● **EXERCISE AIM**:
Go to the line in the entries below that holds "O'Neal TX2000 Gear Bag Sporttasche" and repeat exactly from there through the line that holds "Çorlu Merkezde Deprem", inclusive.
*** Opening DATASET RECORDS ***
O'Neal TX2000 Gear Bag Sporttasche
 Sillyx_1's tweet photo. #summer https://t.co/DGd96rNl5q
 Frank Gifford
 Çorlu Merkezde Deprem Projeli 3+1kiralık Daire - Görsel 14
*** Closing DATASET RECORDS ***
*** Opening DATASET RECORDS ***
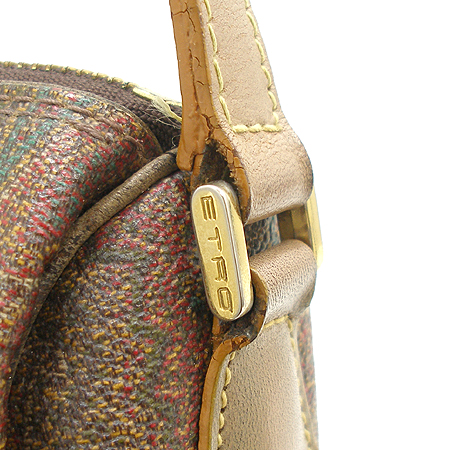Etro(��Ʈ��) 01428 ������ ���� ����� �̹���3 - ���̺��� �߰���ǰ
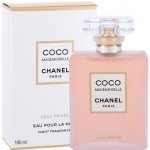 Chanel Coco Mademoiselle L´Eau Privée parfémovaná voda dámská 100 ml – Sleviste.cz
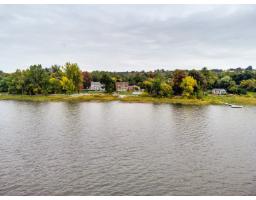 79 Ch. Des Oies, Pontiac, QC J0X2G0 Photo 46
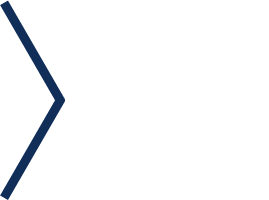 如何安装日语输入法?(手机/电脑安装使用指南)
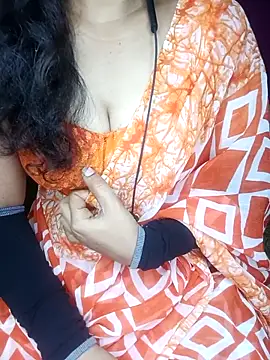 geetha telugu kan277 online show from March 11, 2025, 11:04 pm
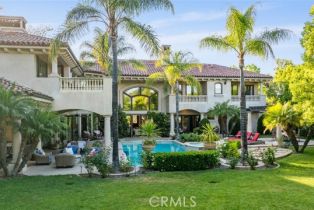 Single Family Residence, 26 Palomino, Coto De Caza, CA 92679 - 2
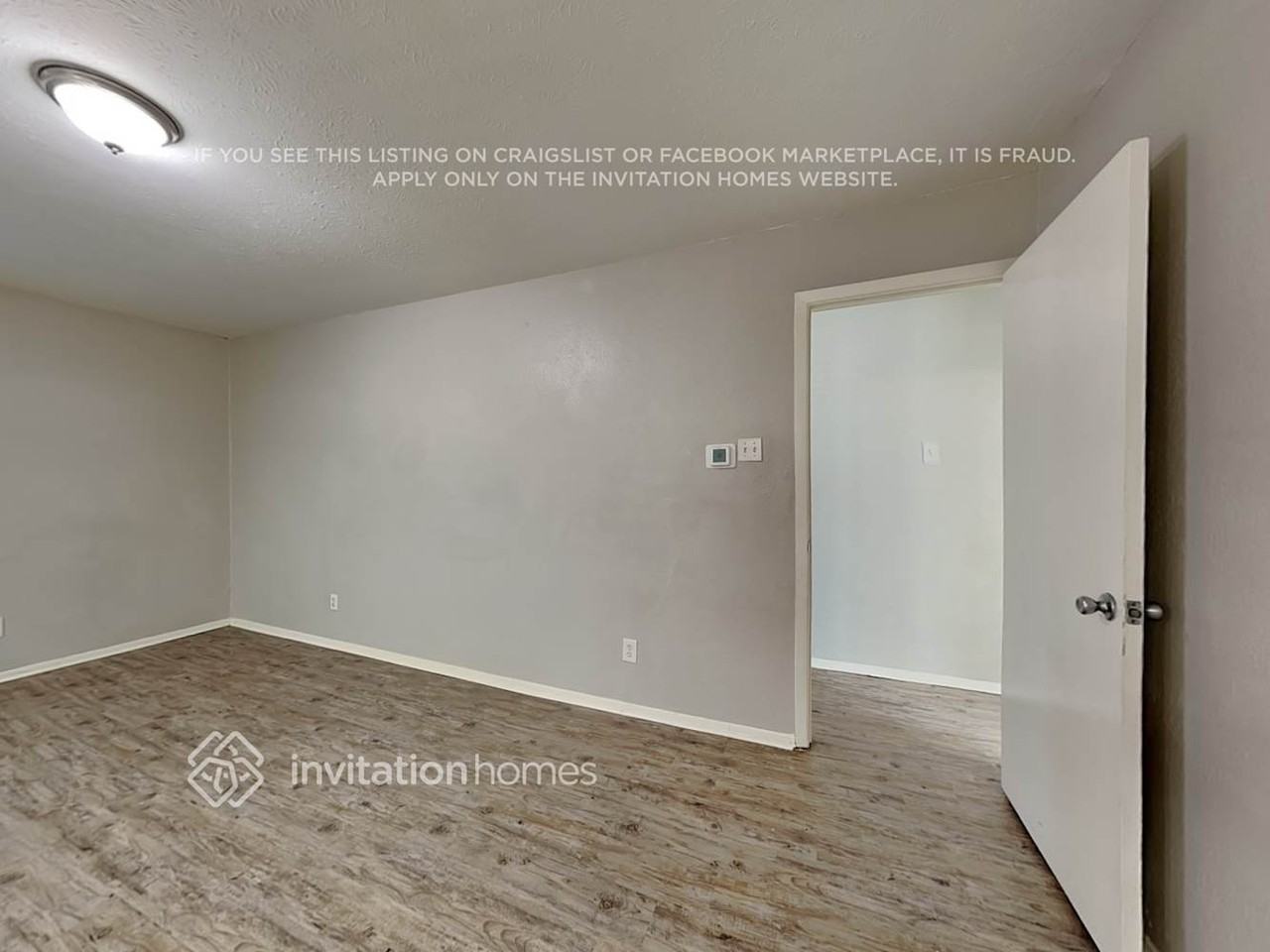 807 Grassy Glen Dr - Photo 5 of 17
*** Closing DATASET RECORDS ***
● **RESULT FOR THIS TASK**:
O'Neal TX2000 Gear Bag Sporttasche
 Sillyx_1's tweet photo. #summer https://t.co/DGd96rNl5q
 Frank Gifford
 Çorlu Merkezde Deprem Projeli 3+1kiralık Daire - Görsel 14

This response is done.